## TASK DIRECTIONS
The task calls for the lines below from the line with "Color geometric Christmas" to the line with "Too Fast Mom", both ends included, copied exactly, without any pictures.

[Stored entries]
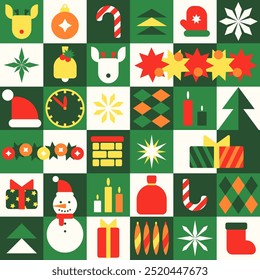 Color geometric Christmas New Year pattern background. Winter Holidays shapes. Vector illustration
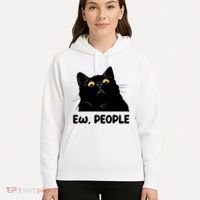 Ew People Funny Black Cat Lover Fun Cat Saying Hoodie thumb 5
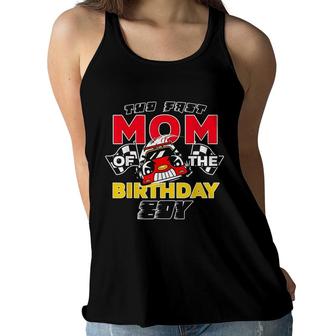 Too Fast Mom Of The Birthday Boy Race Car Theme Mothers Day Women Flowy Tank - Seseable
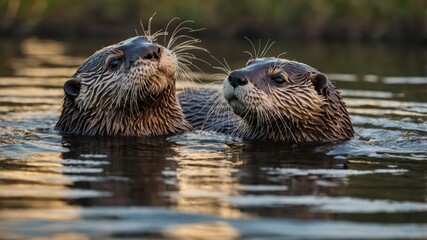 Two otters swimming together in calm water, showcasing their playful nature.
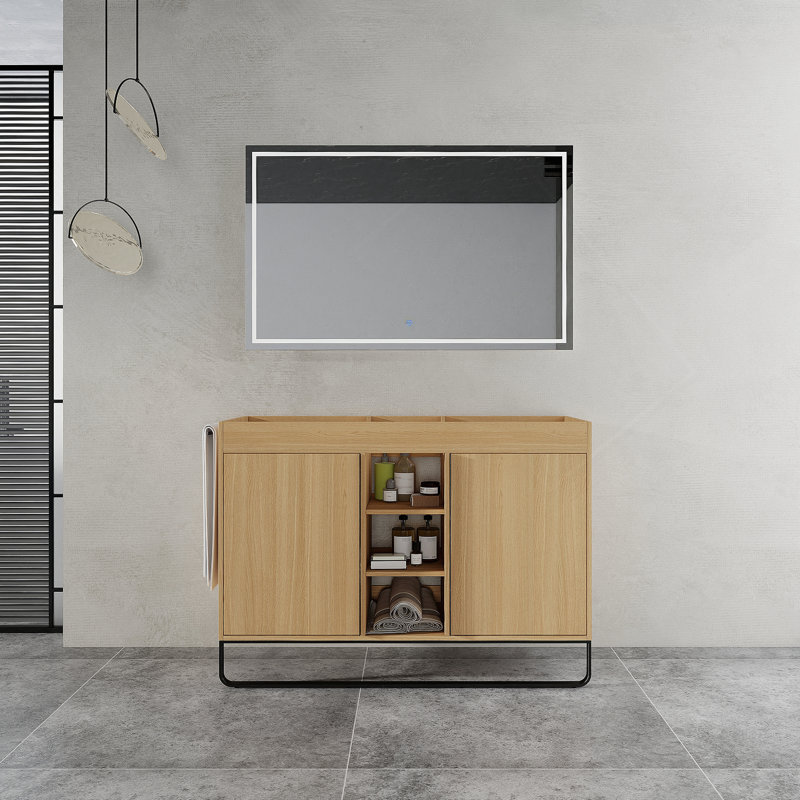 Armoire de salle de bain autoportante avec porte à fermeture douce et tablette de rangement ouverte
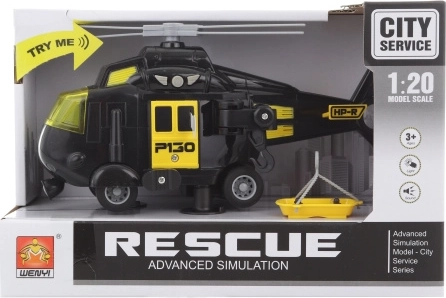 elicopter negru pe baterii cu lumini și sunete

==

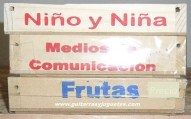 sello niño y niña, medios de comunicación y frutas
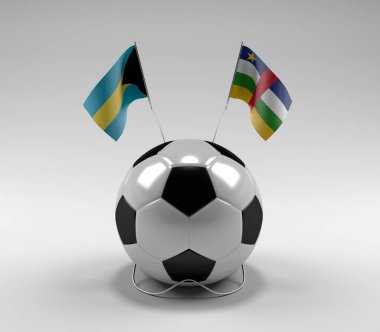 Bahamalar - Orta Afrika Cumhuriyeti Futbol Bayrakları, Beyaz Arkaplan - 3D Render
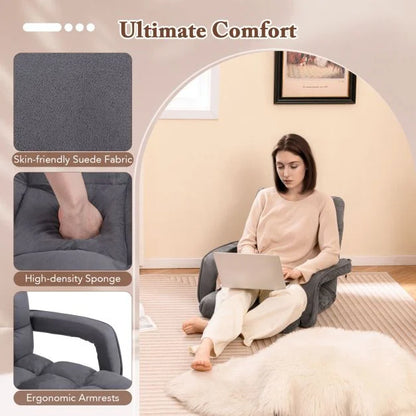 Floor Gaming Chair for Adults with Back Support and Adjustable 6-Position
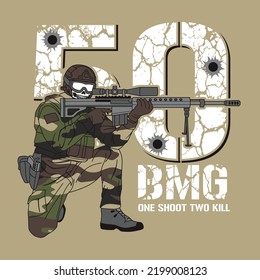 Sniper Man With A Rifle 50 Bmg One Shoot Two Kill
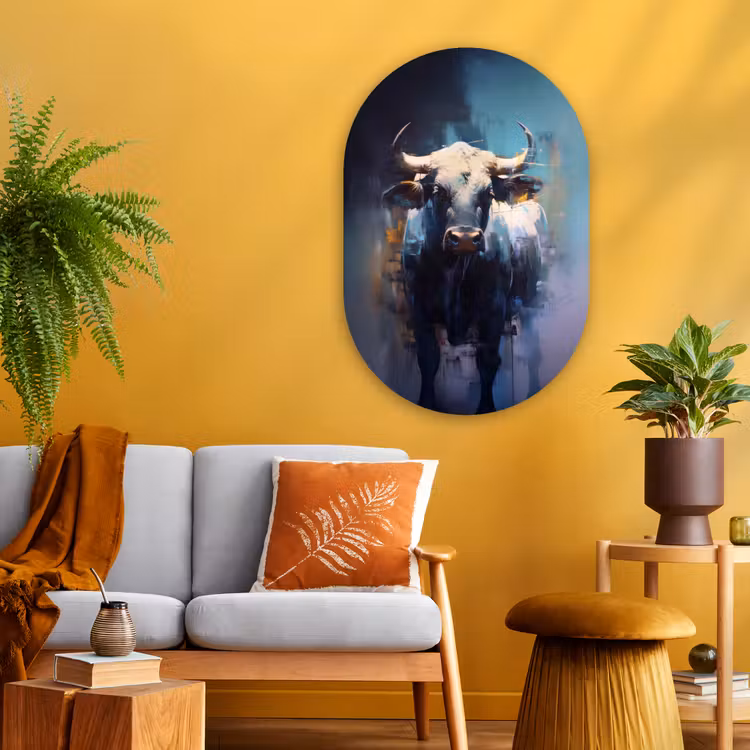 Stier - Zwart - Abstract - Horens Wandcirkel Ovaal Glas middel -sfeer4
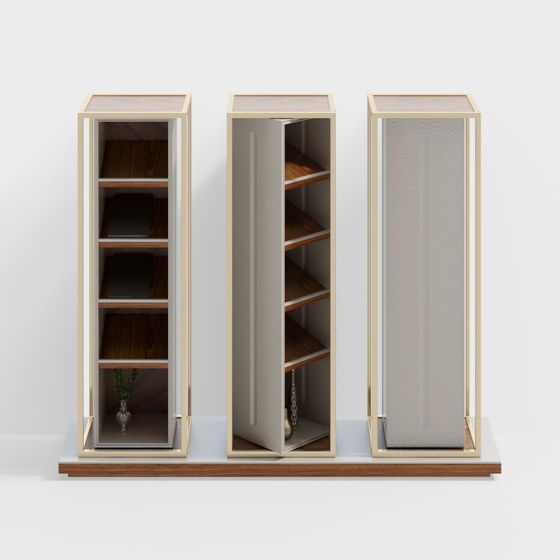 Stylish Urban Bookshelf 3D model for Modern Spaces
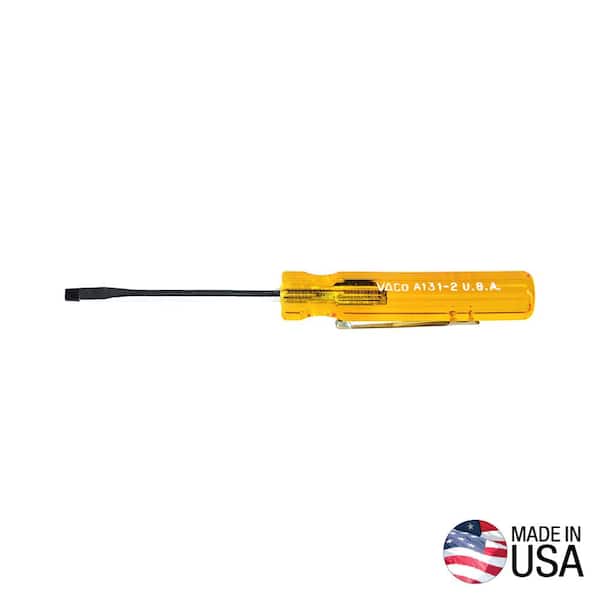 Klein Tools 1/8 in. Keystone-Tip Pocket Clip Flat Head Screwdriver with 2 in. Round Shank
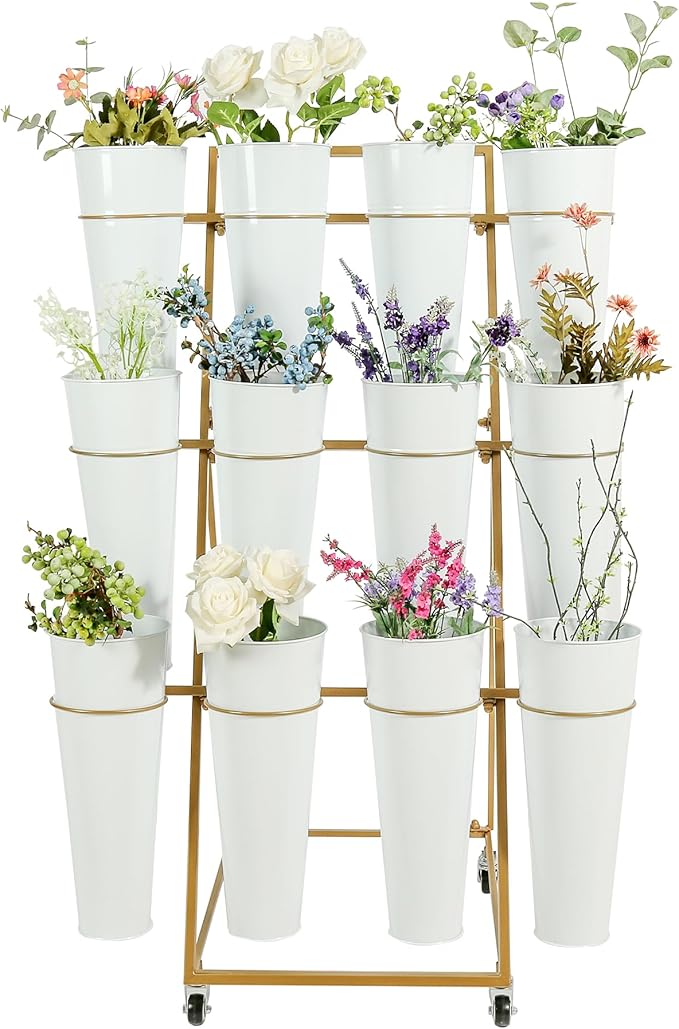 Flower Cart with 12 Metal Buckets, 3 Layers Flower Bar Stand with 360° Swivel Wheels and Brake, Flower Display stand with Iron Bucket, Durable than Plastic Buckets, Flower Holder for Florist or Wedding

## FINAL ANSWER
 Color geometric Christmas New Year pattern background. Winter Holidays shapes. Vector illustration
 Ew People Funny Black Cat Lover Fun Cat Saying Hoodie thumb 5
 Too Fast Mom Of The Birthday Boy Race Car Theme Mothers Day Women Flowy Tank - Seseable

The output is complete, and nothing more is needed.